The Pioneer, though, is extremely easy to operate: Basically it's a TiVo hard-drive recorder with an integrated DVD burner. TiVo's simple, attractive interface services not only hard-disk recording but also DVD playback and recording. When you copy a TV show to DVD, you get neat, TiVo-like menu navigation and program titles, complete with the show's detailed program information--a far cry from the generic titles most of the other models in this roundup automatically provide.
However, unlike the other models we tested, all of which record directly to disc, the Pioneer requires you to record your video to the 80GB hard drive first. Even if you're dubbing your old videotapes to DVD via the unit's analog inputs, you must copy video to the hard drive before you can transfer it to DVD.
The Apex and Sony models also offer attractive, intuitive graphical interfaces. In contrast, the Philips DVDR80's on-screen menu frequently presents arcane symbols that you'll need a key to decode--so using this unit is more difficult than it should be.
The Sharp isn't hard to use, but its interface isn't pretty, either: Its navigation menus look identical to the simple blue-and-white text screens of the company's VCRs.
Ready, Set, Record!
Each of the models we tested permits manual and timer recording, similar to what you'd find on a VCR; all but the Pioneer (which relies on its TiVo guide) have one-touch recording for immediately capturing shows in 30-minute increments.
The slickest on-screen programming guides accompanied the Pioneer and Philips models. The TiVo Basic service on the Pioneer device lists three days' worth of programs and allows you to record all episodes of a particular television series at a specific day and time. (You can upgrade to the full TiVo service to get enhanced options, such as recording all shows with a specific actor, for $13 a month.)

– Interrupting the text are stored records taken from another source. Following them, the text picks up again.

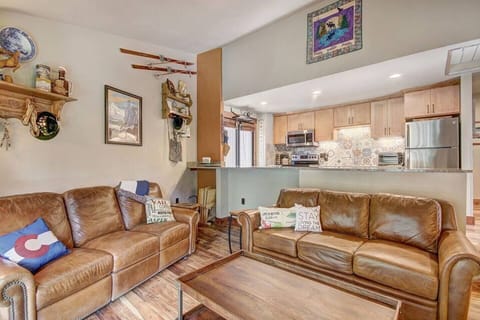 Beautiful living room with antique hutch, electric fireplace, Smart TV with cable, two amazing leather sofas- one with a queen bed, the other has two recliners for relaxing after a day in the mountains. Opens to a balcony with gas grill.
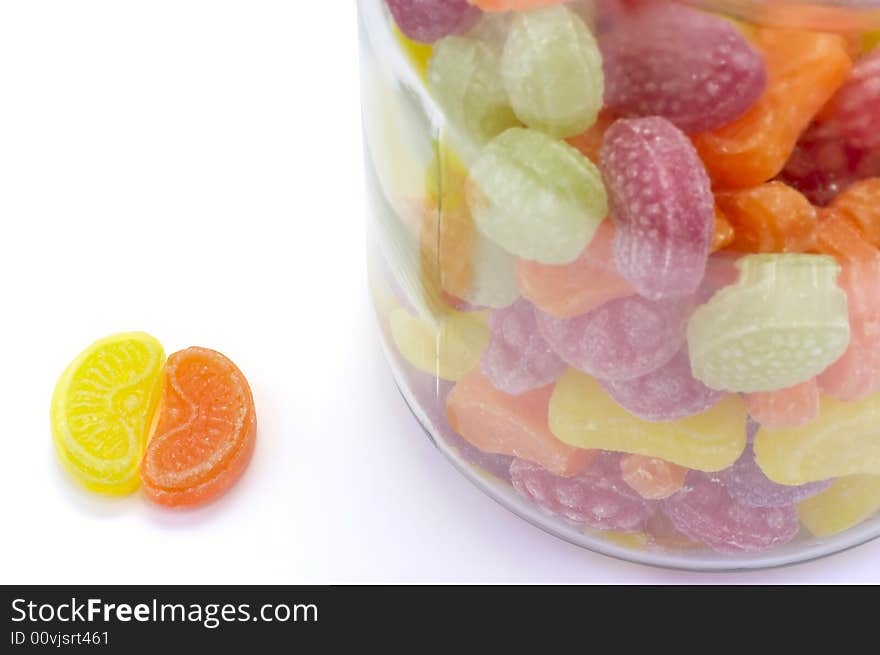 Multicolor bonbons in glass pot on the white background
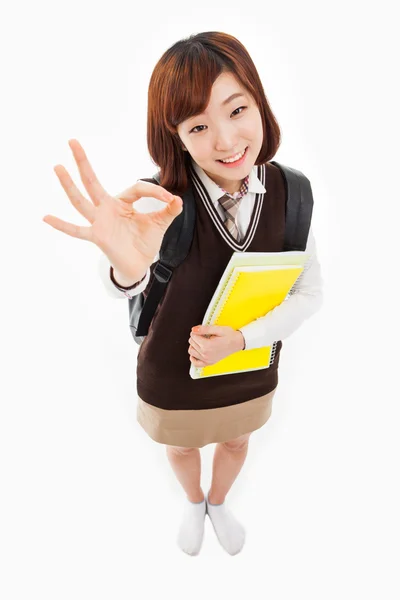 Junge asiatische Studentin isoliert auf weißem Hintergrund. — Stockfoto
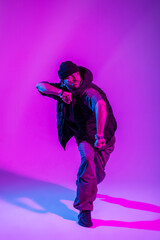 Stylish professional dancer man in trendy clothes dancing in color studio with pink and blue light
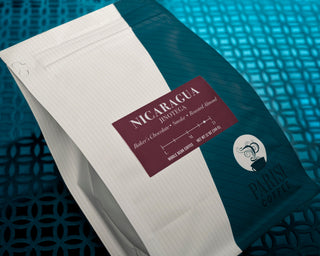 Nicaragua Jinotega coffee bag with maroon label resting on a notebook against a teal backdrop.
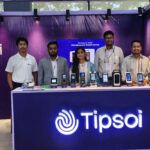 Tipsoi team standing at their branded booth with attendance and access control devices on display at ISEB 2026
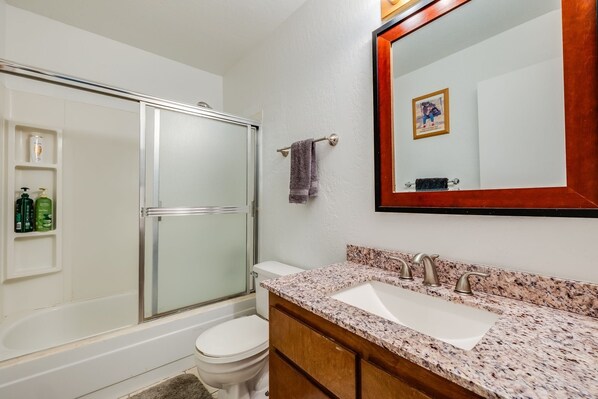 A bathroom with a glass-enclosed shower, a white toilet, a sink with a granite countertop, and a large mirror with a wooden frame. - Quaking Aspen Condo 2 Bedroom Condo (Stateline)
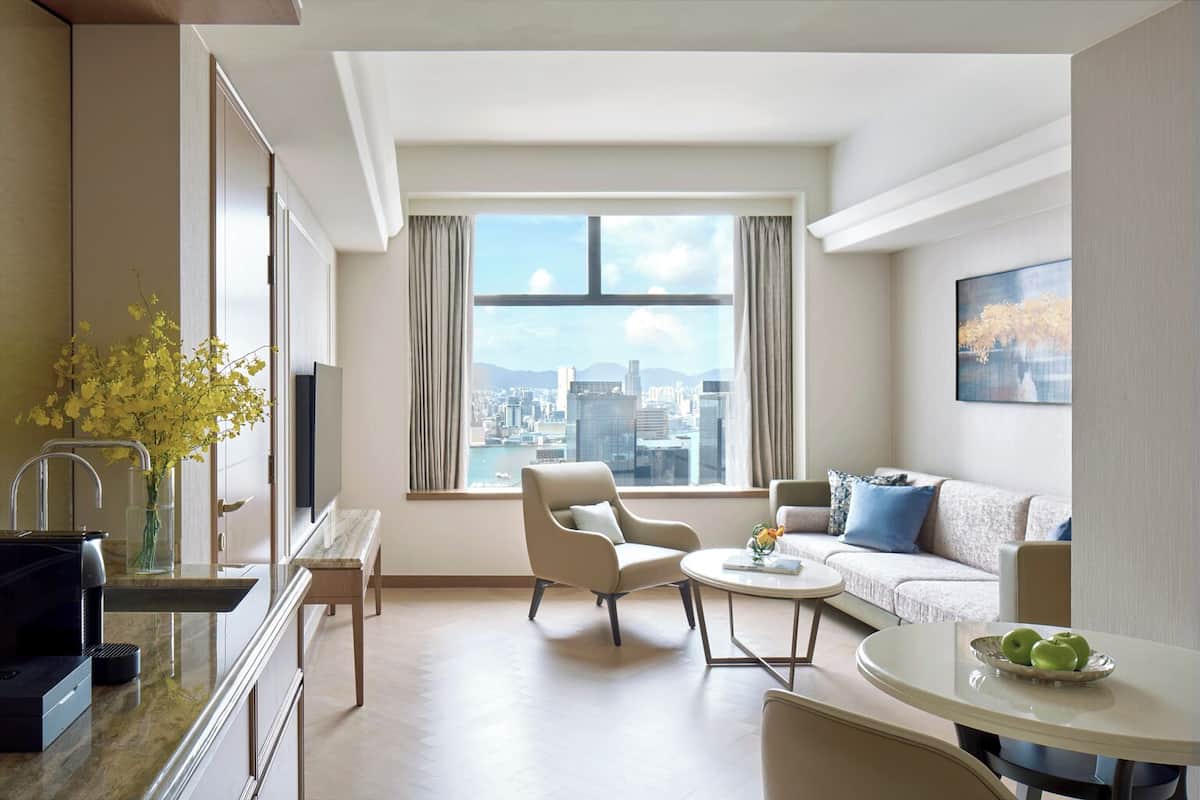 A modern hotel room with a city view, a sofa, a dining table, and a kitchen area.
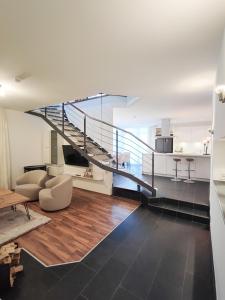a living room with a staircase in a house at das Alpenblick & Outdoor Lodge Nauders in Nauders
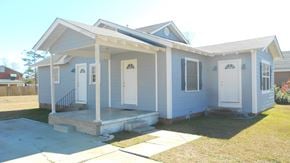 Hattiesburg house for rent - the front of a blue house with a porch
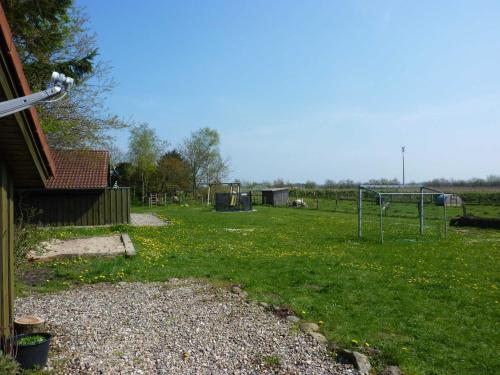 a yard with a basketball hoop in the grass at Ferienhaeuser Abild - Urlaub auf dem Bauernhof in Tarp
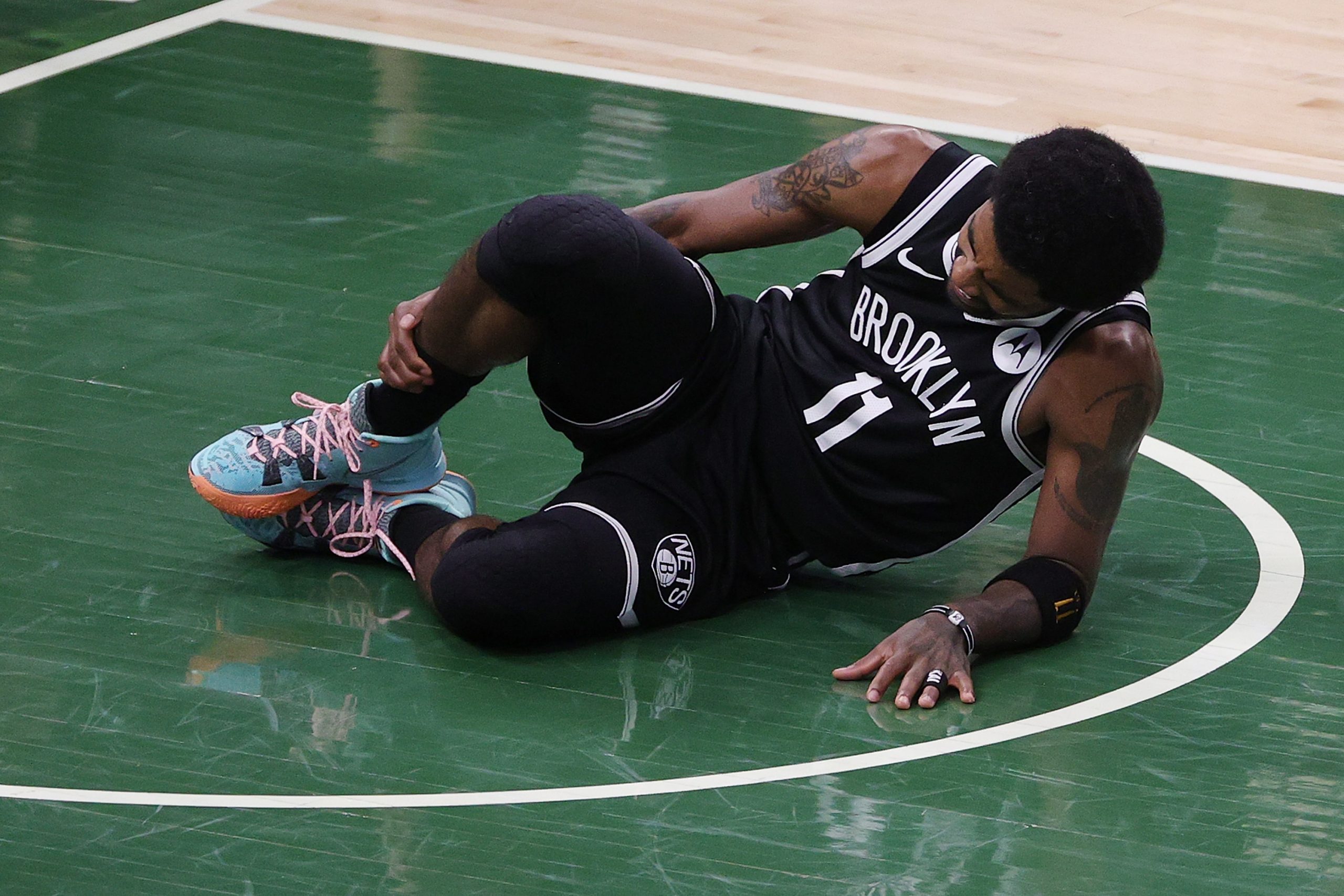 A former Boston Celtics player suggested Kyrie Irving's ankle injury suffered Sunday was karma.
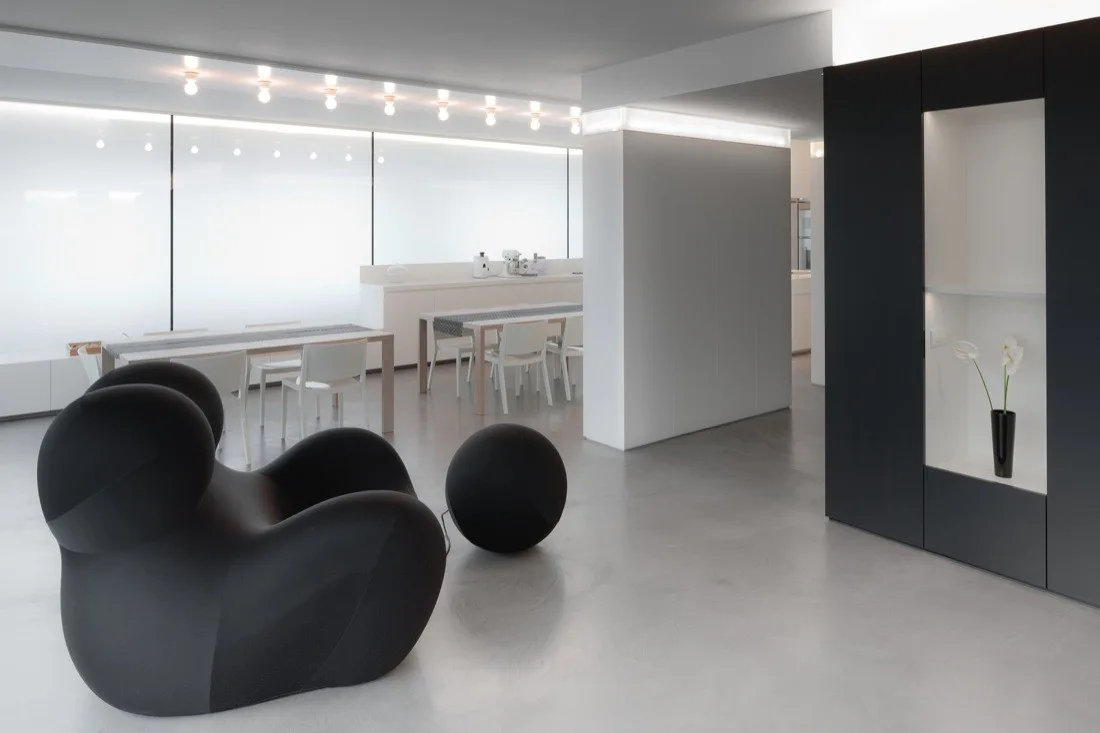 A sculptural black armchair sits in a minimalist grey and white room featuring built-in black cabinetry and a distant dining area.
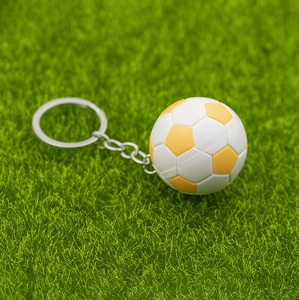 Macro d'un porte-clés mini ballon de football jaune et blanc sur fond d'herbe verte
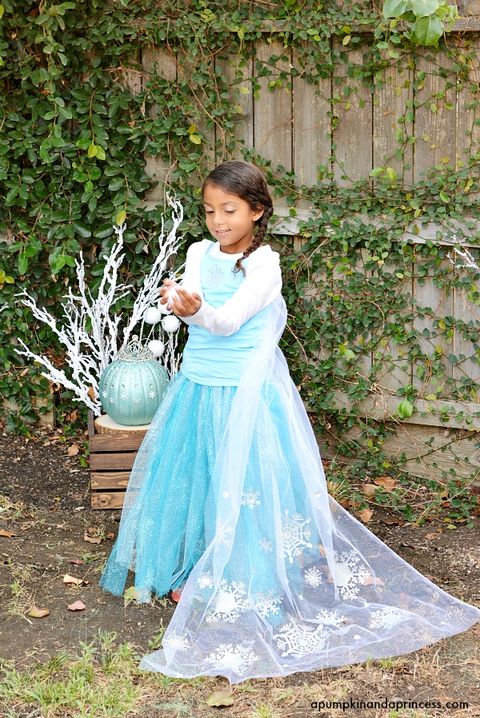 little girl dressed as else from frozen with blue tulle skirt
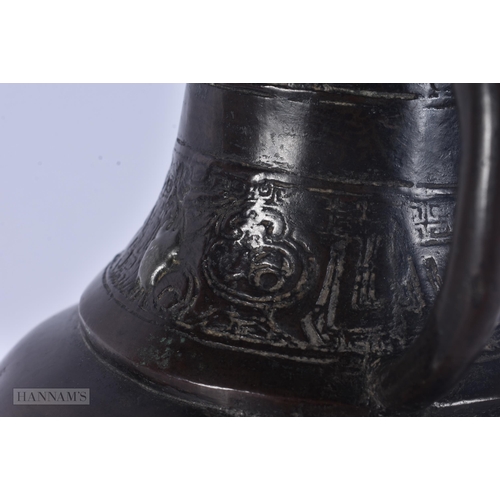 429 - A 17TH/18TH CENTURY CHINESE TWIN HANDLED BRONZE PRESENTATION VASE Ming/Qing. 30 cm x 12 cm.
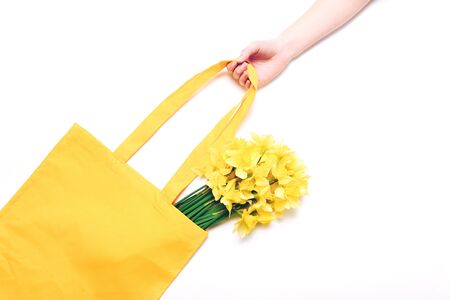 Spring narcissus flowers in yellow bag on white background. Top viewの写真素材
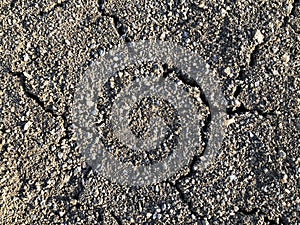 Cracked dry ground mud, dried under sun road.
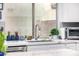 Kitchen sink area with a modern faucet and a view of the outdoors at 528 E Kyle Ct, Gilbert, AZ 85296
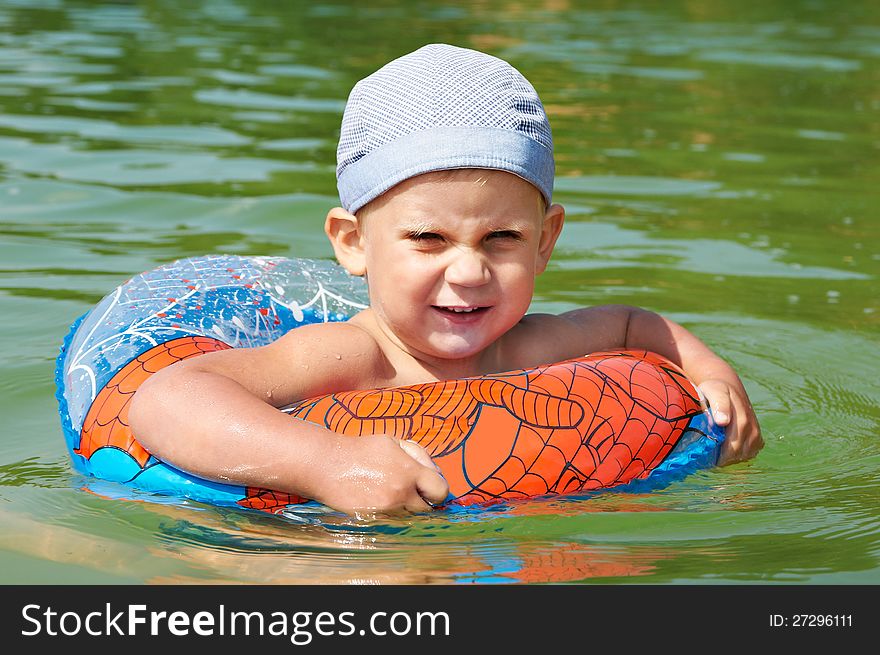 Happy boy swimming in river with rubber ring. Happy boy swimming in river with rubber ring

Philips offers an attractive alternative to TiVo with its Guide Plus System, a free, on-screen program guide that taps into your cable feed to display a week's worth of TV shows, mimicking some of TiVo Basic's functions. On the other hand, the Panasonic, the Pioneer, and the Sharp products all integrate the spartan VCR Plus, a holdover system for inputting a number you find in TV listings for a show you want to record.
Just as VCRs have three recording speeds (SP/LP/EP), all of the DVD recorders we evaluated had at least three image-quality presets for recording (the Philips device provides eight presets). The more recording time you pack on a disc, however, the lower the video quality--as a result you'll see blocky and choppy images, with obvious visual artifacts. The highest quality setting--equivalent to what you'd see in a DVD movie--gets you just 1 hour of recording time. The sweet spot: 2 hours per disc, at which the image is good, with only occasional artifacts.
DVD recorders are wonderful tools, especially when they are easy to use, like our pick, Sony's RDR-GX7. One would make a great addition to any home theater setup--once you free up the slot formerly occupied by your VCR.